L’invito, supportato da due mostri sacri del nostro sport quali Arnold Palmer e Jack Nicklaus, dice più o meno così: “Vuoi divertirti?

E allora giocala partendo più avanti. I migliori giocatori del mondo segnano grandi score perché usano bastoni più corti e aperti per attaccare il green.

Scegli il tee che fa per te, in base alla lunghezza del tuo drive, anziché usare quelli arretrati che non vanno d’accordo con la tua forza o la tua abilità.

E se controllate la scorecard noterete che, accanto ai nomi dei tee, c’è proprio la lunghezza del drive, segnata in yarde.

Famosa è rimasta la partita fra Tiger Woods e il presidente americano Barack Obama, giocata nel febbraio 2013.

Sul piatto una puntata di 5 dollari a testa fra i quattro golfisti in campo e la scelta di piazzare la palla avanti.

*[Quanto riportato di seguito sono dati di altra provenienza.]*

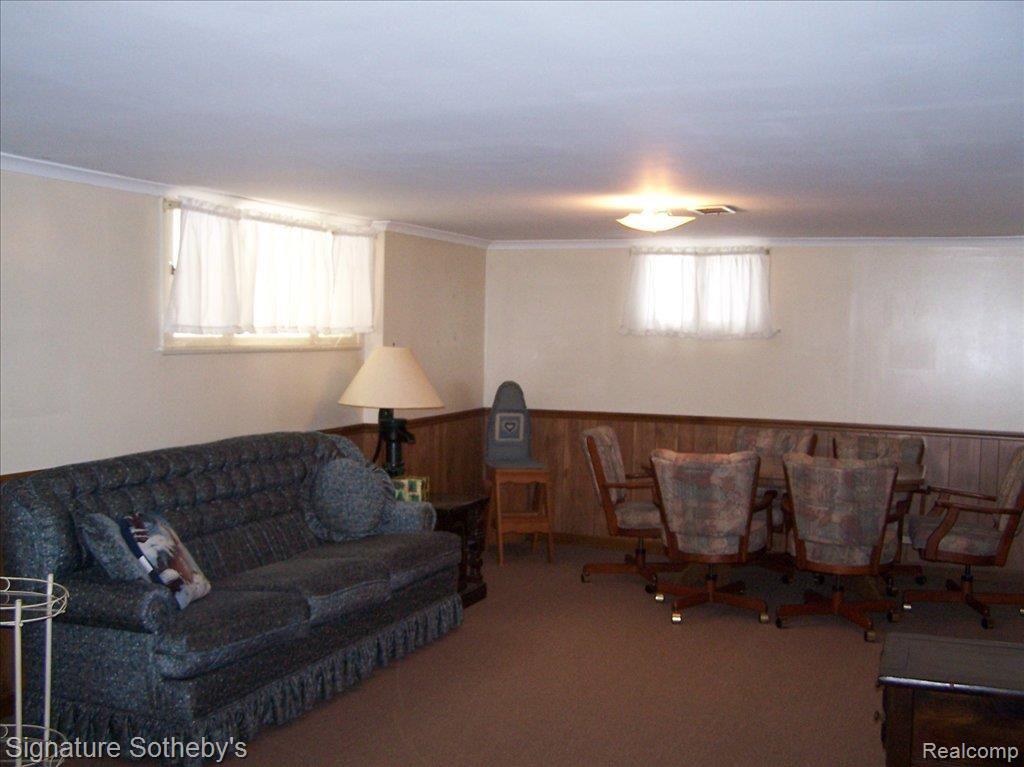 820 Trinway Road Troy, MI 48085 - Photo 9 of 13 Basement Rec Room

In quella occasione anche Tiger provò “tee it forward” e pare si sia divertito parecchio, visto che fra l’altro allora giocava alla grande ed era il numero uno del mondo.

Giusto un anno fa, Golf & Turismo si è occupato del dibattito legato alla presenza sulle buche di numerosi tee di partenza ben differenziati. In un’approfondita inchiesta di Andrea Ronchi, avevamo affrontato la questione, che era già stata toccata nel 2012 dalla Federgolf in una newsletter.

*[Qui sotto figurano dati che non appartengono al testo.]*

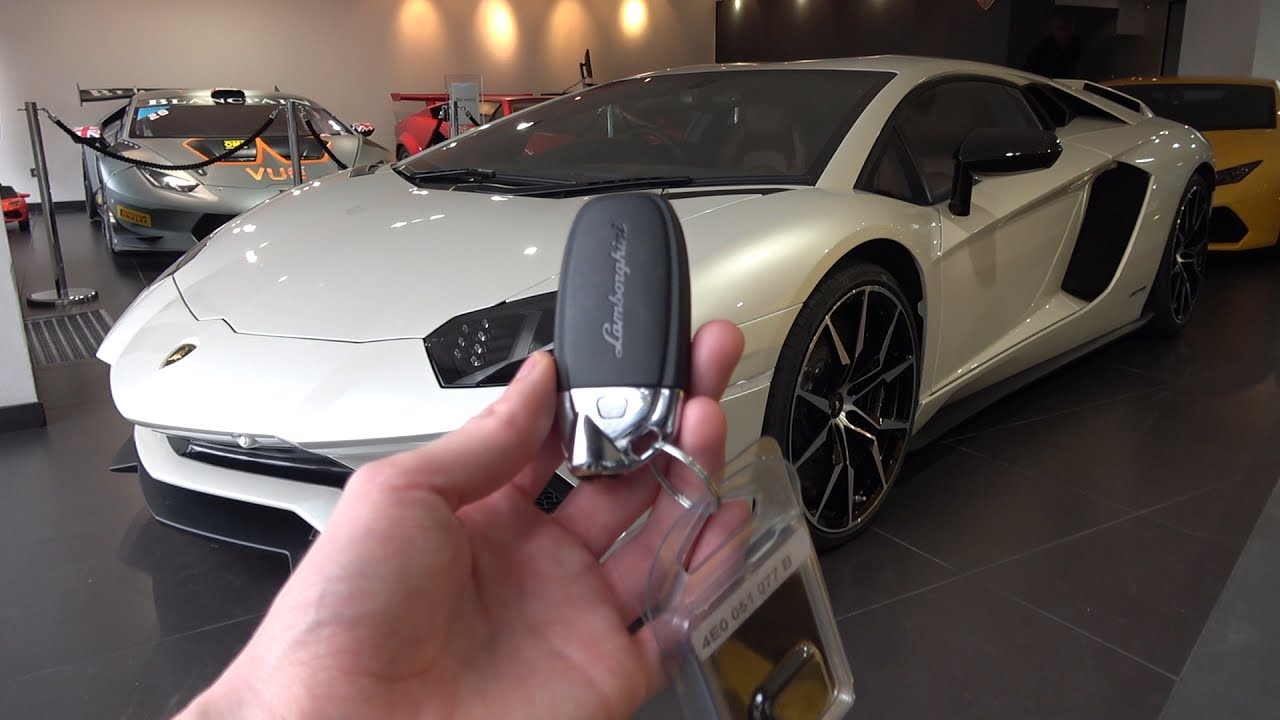 2017 Lamborghini Aventador S: In-Depth Exterior and Interior Tour.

Il risultato allora era stato abbastanza scarso, al punto che la FIG, in maniera più perentoria, aveva riproposto l’argomento con la circolare numero 12 del 28 marzo 2014.

Quel documento rendeva obbligatorio l’uso dei tee avanzati per gli under 12, con l’imposizione di creare nuove partenze per i più giovani.

A distanza di un anno abbiamo provato a fare qualche telefonata in giro per l’Italia, contattando direttori e segretari sportivi.

Il risultato della nostra breve inchiesta si discosta poco dal tenore dei commenti che avevamo raccolto dodici mesi fa.

Buona parte dei circoli si è adeguata, anche se solo aggiungendo tee marker verdi vicino a quelli rossi delle ladies, mentre altri hanno seguito alla lettera le istruzioni e approntato vere nuove partenze.

Ci sono però alcuni club che non hanno modificato di un centimetro la situazione già esistente e, soprattutto, quasi dovunque continuano a essere utilizzate solo due partenze: dai gialli per gli uomini e dai rossi per le donne.

In base a una statistica spannometrica ma affidabile, questi due tee si portano a casa l’80 per cento del ‘traffico’, lasciando il resto a bianchi e neri.

E per i verdi e gli arancioni? Solo le briciole, a livello di centesimi percentuali.

I motivi, molto semplici, riguardano in primo  luogo l’improponibile taglio di handicap di vari colpi (anche cinque o sei) per avere in cambio solo una manciata di metri.

Uno scambio non vantaggioso visto che spesso, nei vari campi, non viene osservata la regola del colpo di handicap in meno a fronte di una riduzione di circa 200 metri.

Altro punto dolente le discussioni sui premi speciali, soprattutto per il driving contest ma anche per il nearest to the pin.

E ancora, per  molti uomini, è di ostacolo la considerazione che giocare avanti sia una soluzione poco onorevole.

Il risultato è che, dalle nostre parti, il “tee it forward” non trova molti estimatori. E poco importa che all’estero invece sia entrato da tempo nell’evoluzione naturale del gioco e che fuoriclasse come il grande Tom Watson dichiarino candidamente: “Se mi voglio divertire davvero, adesso gioco dal tee delle donne.”

D’altronde, parafrasando Beppe Severgnini, “we are happy to be Italians”. Sempre e comunque.